>>

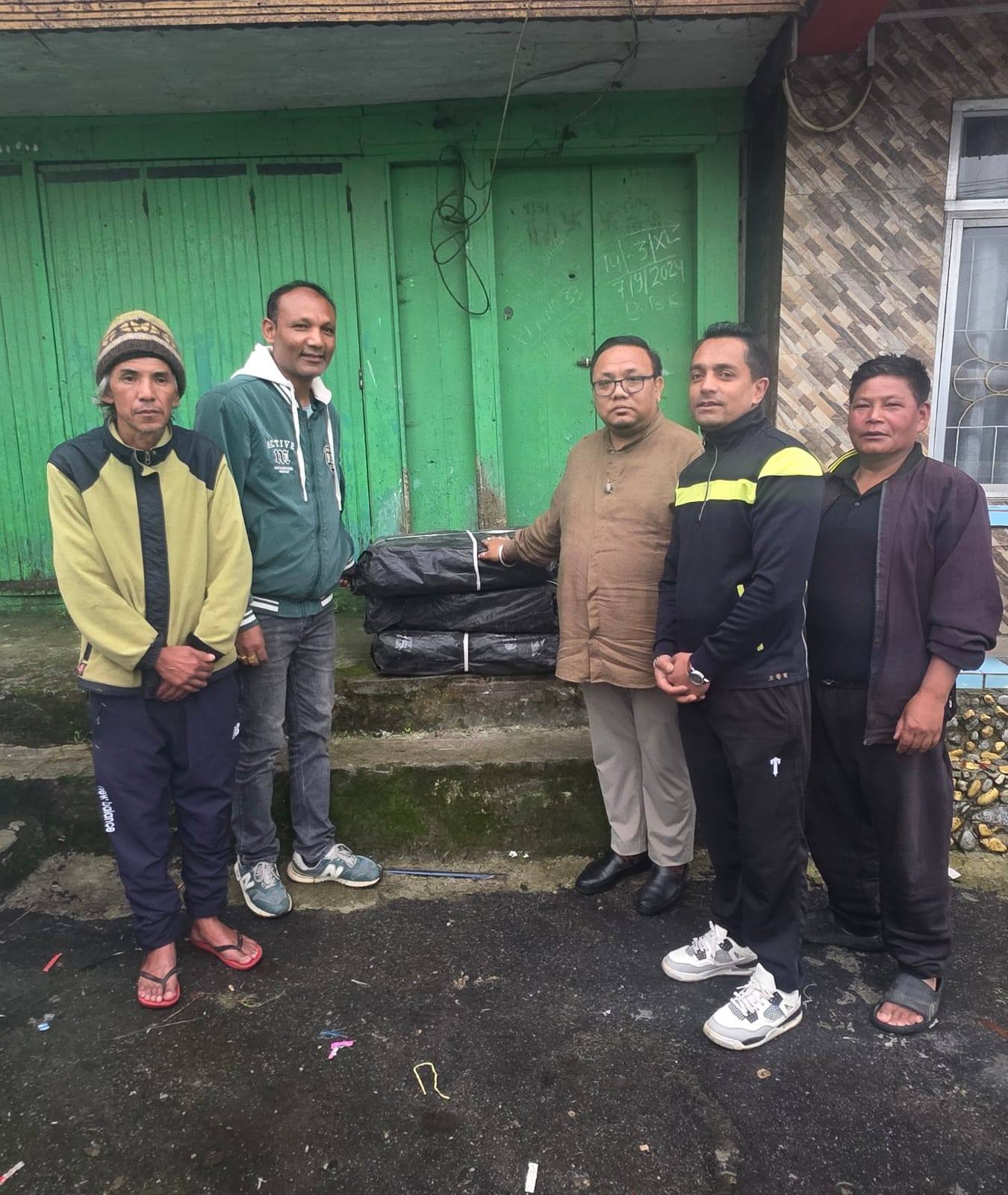विधायक निरज जिम्बाद्वारा राहत विभिन्न ठाउँमा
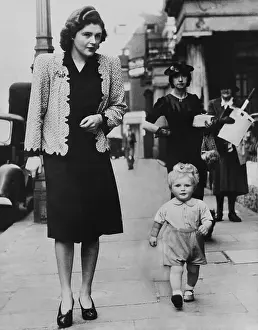 Rs3wn: Mrs. Randolph Churchill (left) walking on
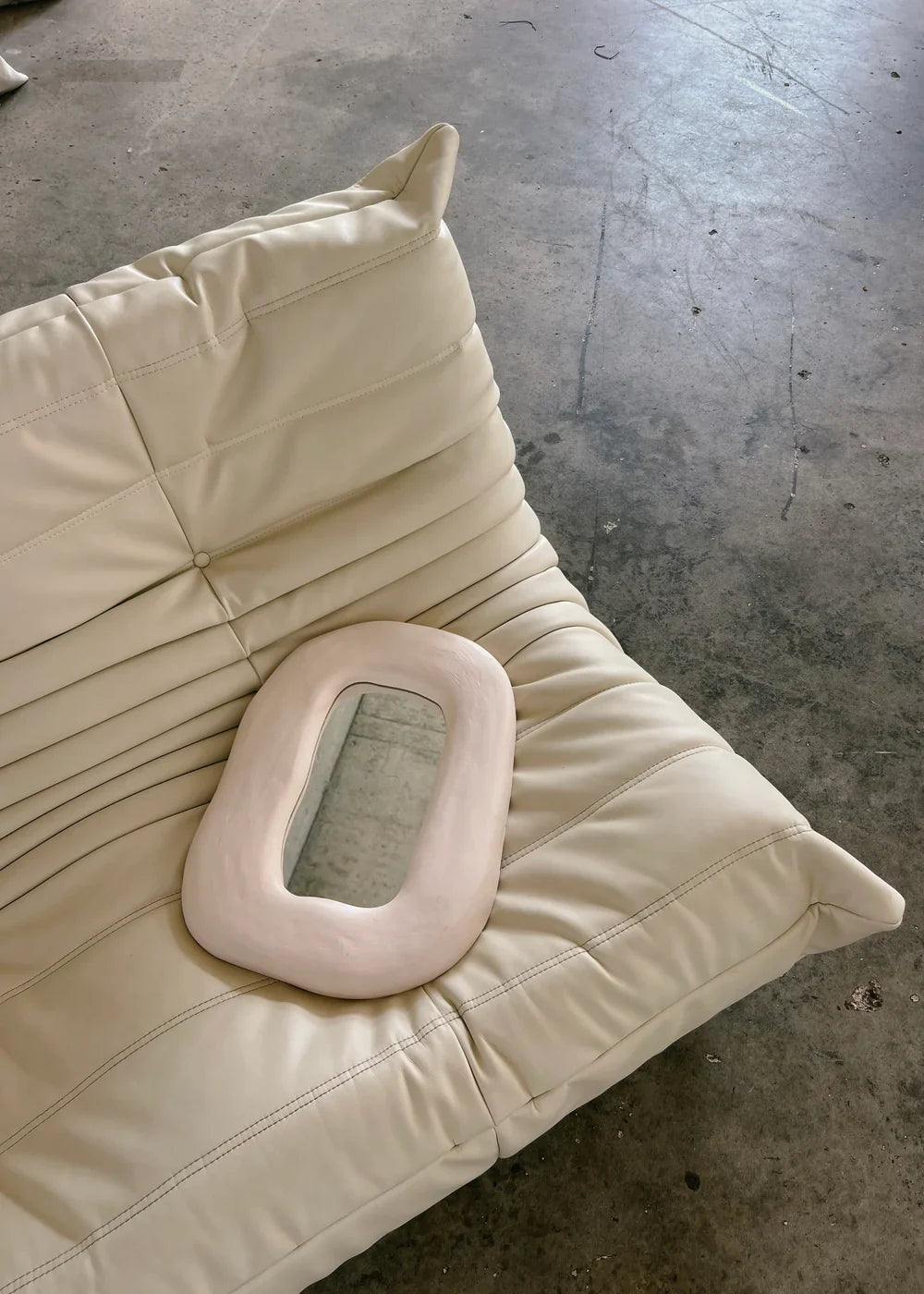 Kadının şık elbise içindeki yansıması ayna ile birlikte, modern iç mekan tasarımı.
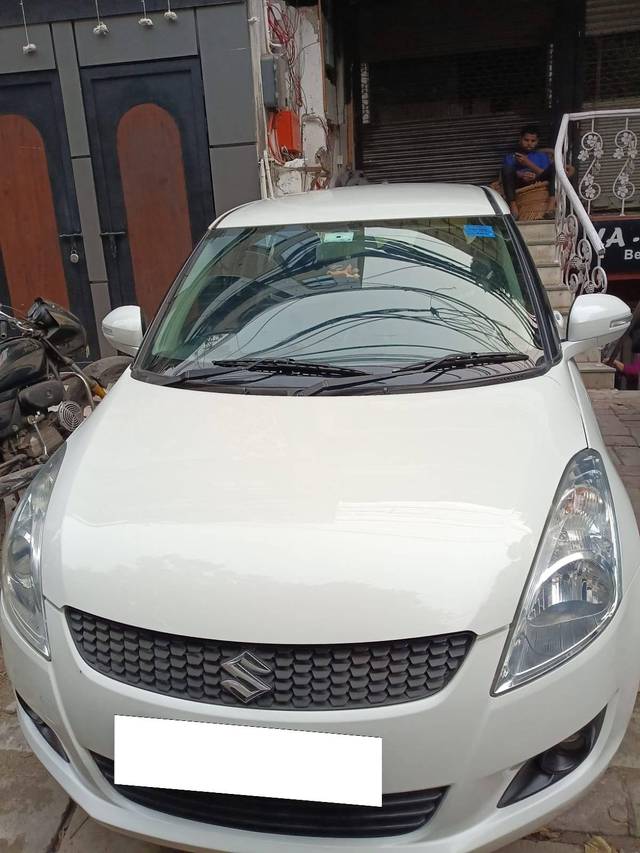 https://images10.gaadi.com/usedcar_image/4210514/original/processed_c6f6dd7aa9b2c7bc0b85e433342cac43.jpg?imwidth=6402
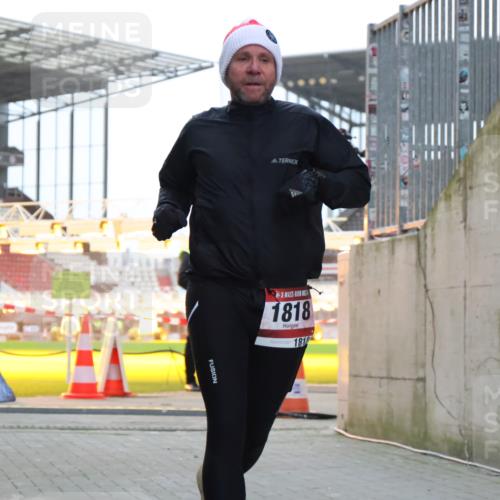 08.12.2024 - St. Pauli X-Mass-Run No. 14 H.Heesch http://msf.ph/oto/7488712 08.12.2024 09:53:57 Ziel 859, 1818, 2844, 3023, 1818 meine-sportfotos.de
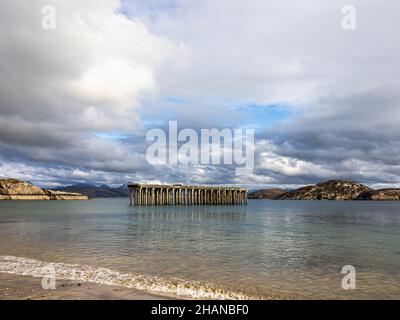 Vestiges du dépôt de défense Boom de WW2 et de la jetée sur Loch Ewe, à Mellon Charles, Wester Ross, Highlands of Scotland Banque D'Images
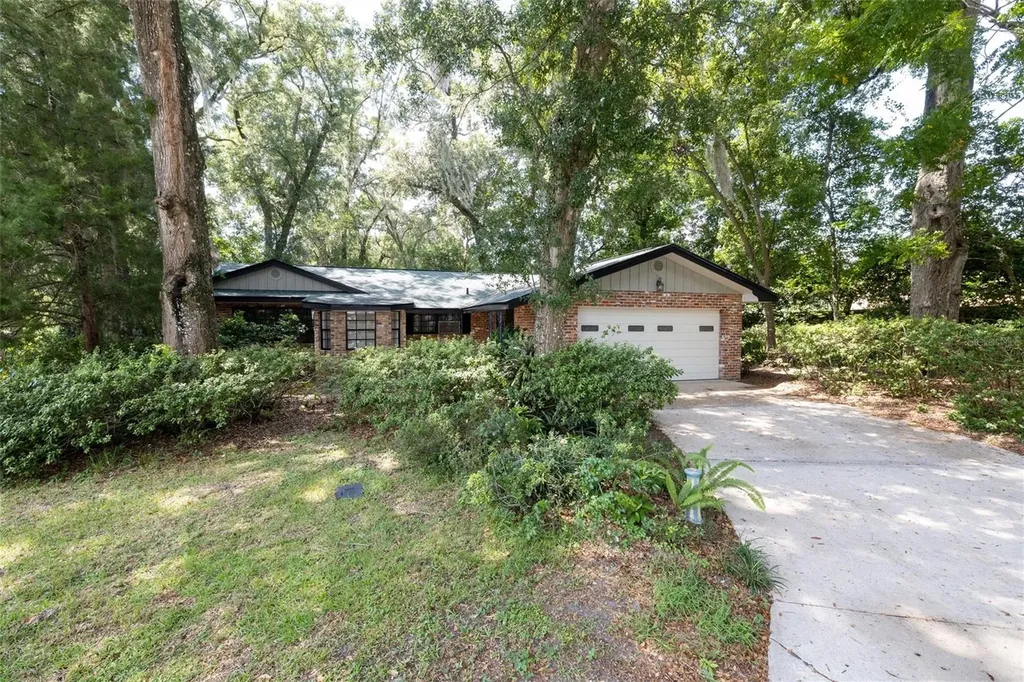 2674 Spring Court Deland FL 32720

<<

◆ Assignment
All lines from the line containing "Kadının şık elbise" through the end of the listing above are to be given again exactly; pictures are not part of the copy.

◆ Answer box
 Kadının şık elbise içindeki yansıması ayna ile birlikte, modern iç mekan tasarımı.
 https://images10.gaadi.com/usedcar_image/4210514/original/processed_c6f6dd7aa9b2c7bc0b85e433342cac43.jpg?imwidth=6402
 08.12.2024 - St. Pauli X-Mass-Run No. 14 H.Heesch http://msf.ph/oto/7488712 08.12.2024 09:53:57 Ziel 859, 1818, 2844, 3023, 1818 meine-sportfotos.de
 Vestiges du dépôt de défense Boom de WW2 et de la jetée sur Loch Ewe, à Mellon Charles, Wester Ross, Highlands of Scotland Banque D'Images
 2674 Spring Court Deland FL 32720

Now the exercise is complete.